Swara Pendidikan (Sawangan, Depok) – Suasana hangat terasa di banyak sekolah pada Selasa (25/11/2025). Senyum para siswa, ucapan selamat, hingga ungkapan terima kasih sederhana menjadi warna dalam peringatan Hari Guru Nasional (HGN) ke-80. Begitu pula di SDN Duren Seribu (Duser) 03, Bojongsari.
Di antara hiruk-pikuk ucapan selamat dari siswa, seorang guru yang dikenal aktif menulis buku, Muhammad Fajri, memilih momen HGN untuk merenung. Baginya, perayaan Hari Guru bukan sekadar simbol, melainkan ajakan untuk kembali memahami hakikat seorang pendidik.
“Setiap 25 November kita bukan hanya merayakan, tetapi mengingat kembali sejarah mengapa hari itu ditetapkan sebagai Hari Guru,” kata M. Fajri saat ditemui di ruang perpustakaan sekolah, Selasa (25/11/2025).
Fajri kemudian menuturkan perjalanan organisasi profesi guru di Indonesia. Dahulu, Persatuan Guru Indonesia (PGI) sempat mengalami beberapa perubahan nama sebelum akhirnya kembali menjadi PGRI seperti yang dikenal saat ini. Perjalanan itu, katanya, bukan sekadar pergantian identitas, tetapi rekam jejak perjuangan panjang para pendidik.
“Sejarah itu menunjukkan betapa besarnya perjuangan para guru untuk memperjuangkan posisi dan perannya di dunia pendidikan. Kuncinya adalah perjuangan—bagaimana mewadahi peran guru agar benar-benar dihargai. Tanpa guru, pendidikan tidak akan berjalan,” tuturnya.

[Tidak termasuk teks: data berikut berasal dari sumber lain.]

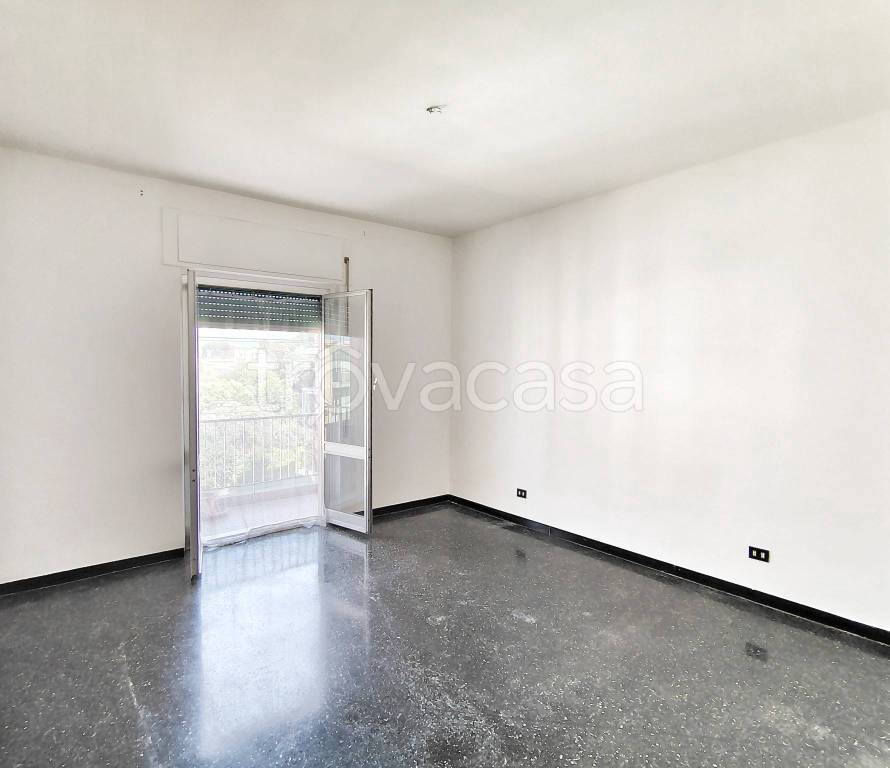 appartamento in vendita a Genova in zona Sampierdarena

Fajri menegaskan, kurikulum dan fasilitas sekolah yang lengkap tidak akan berarti tanpa keberadaan guru. “Kurikulum itu penting, sekolah itu penting. Tapi tanpa guru, keduanya tidak bisa berjalan,” katanya.

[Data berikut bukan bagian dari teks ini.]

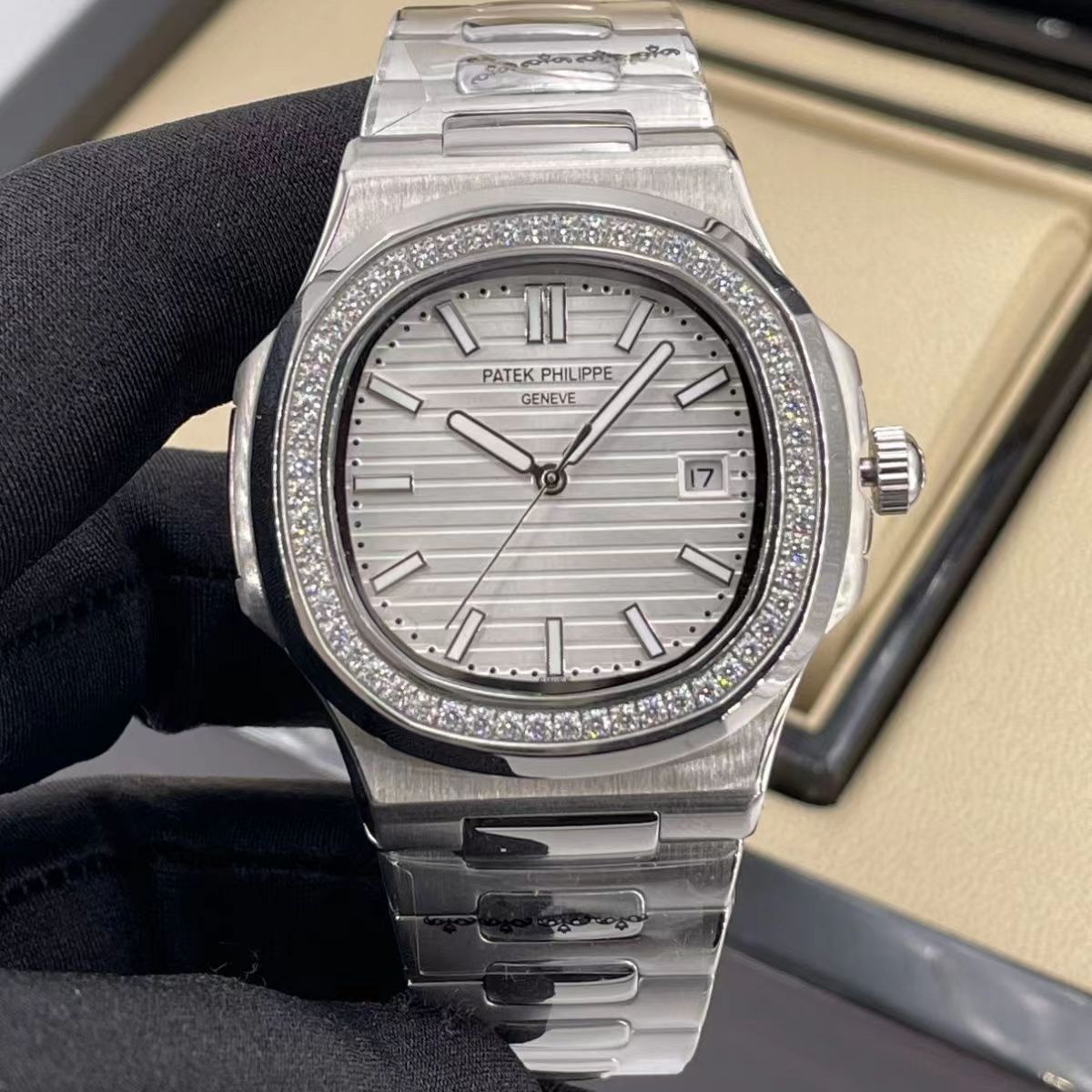 Patek Philippe Nautilus Cara Blanca Zirconias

Dia lalu mengungkapkan contoh sederhana: belajar bisa tetap berlangsung meski tanpa gedung sekolah, selama masih ada guru dan siswa. Sebaliknya, ketika guru tidak hadir, siswa kehilangan arah, belajar tanpa pendampingan, dan kondisi ini berpotensi melahirkan degradasi moral.

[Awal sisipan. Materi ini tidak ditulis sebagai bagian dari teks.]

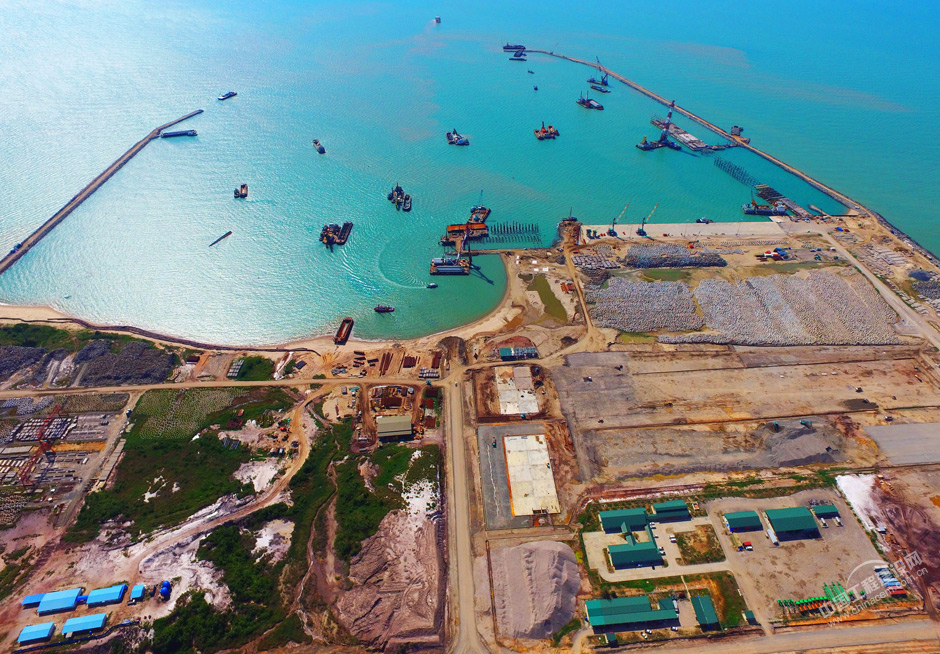 馬來西亞民都魯防波堤及水工碼頭工程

“Anak-anak sekarang pintar secara kognitif, tapi aspek afektif, sopan santun, tata krama, karakter, tidak bisa dibangun tanpa sentuhan guru,” imbuhnya.
Di akhir wawancara, nada bicara Fajri terasa lebih lirih namun penuh harap. Dia menilai bahwa menjadi guru adalah bagian dari kontribusi besar bagi bangsa, sebuah amanah yang diwariskan sejak masa para pendiri negeri.
“Alhamdulillah, kita masih diberi kesempatan untuk memberikan kontribusi bagi cita-cita para founding fathers. Mari bergotong royong membangun bangsa, terutama melalui pendidikan. Karena jika pendidikan suatu bangsa rusak, maka rusak pula bangsa itu,” ucapnya.
Di Hari Guru Nasional yang ke-80 ini, pesan Fajri menjadi pengingat: guru bukan hanya sosok yang mengajar di depan kelas, tetapi pilar yang membentuk karakter generasi masa depan. Sebuah peran yang tak dapat digantikan teknologi, dan tak akan lekang oleh zaman.